Special equipment: One 9-inch baking dish
Make the filling: Heat the butter in medium saute pan. Add the pears and saute until slightly tender and juicy, 3 to 5 minutes. Add 1/2 cup sugar and the cloves. Toss and remove from the heat to cool.
Combine the remaining 1 cup sugar, the lemon juice, syrup and orange zest and mix. Add the cranberries and toss to coat the fruit.
Heat a medium saute pan and add the cranberry mixture. Saute quickly, 3 to 5 minutes.
Combine the pear and cranberry mixtures in a bowl and set aside to cool.
Make the topping: In a medium bowl, combine the flour, sugar, cinnamon, ginger and salt. Mix to blend. Work the butter in with your fingers until the mixture is coarse and somewhat moist. The butter should not be fully integrated but there should not be any large chunks either. At the last minute, gently blend in the almonds.
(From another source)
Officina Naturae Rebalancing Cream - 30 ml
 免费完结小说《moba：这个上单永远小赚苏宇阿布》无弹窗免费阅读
Assemble the crumble: Arrange the fruit in the baking dish and spread the topping evenly over the fruit. Place the dish in the center of the oven and bake for 30 to 35 minutes. The fruit should be tender and yielding when pierced with the tip of a knife. Allow to cool slightly before serving. Grate a little zest from the lemon on top of the crumble. Serve with scoops of vanilla ice cream topped with Orange Garnish if desired.
Bring 2 small pots of water to a boil.
Using a small knife, peel one single piece of skin from around the "equator" (center) of each orange. Trim any thick pith off the inside of each peel, taking care they stay in one piece.
Drop the zests into the first pot and boil for 1 minute. Strain and drop them into the second pot. Cook for 1 minute, strain and set them aside.
In a third small pot, bring the sugar, 2 cups water and turmeric to a boil. Submerge the orange zests and cook over high heat until the liquid boils. Reduce to a simmer and cook until the zests are tender, 15 to 20 minutes. Remove the zests to a baking sheet and allow them to cool flat.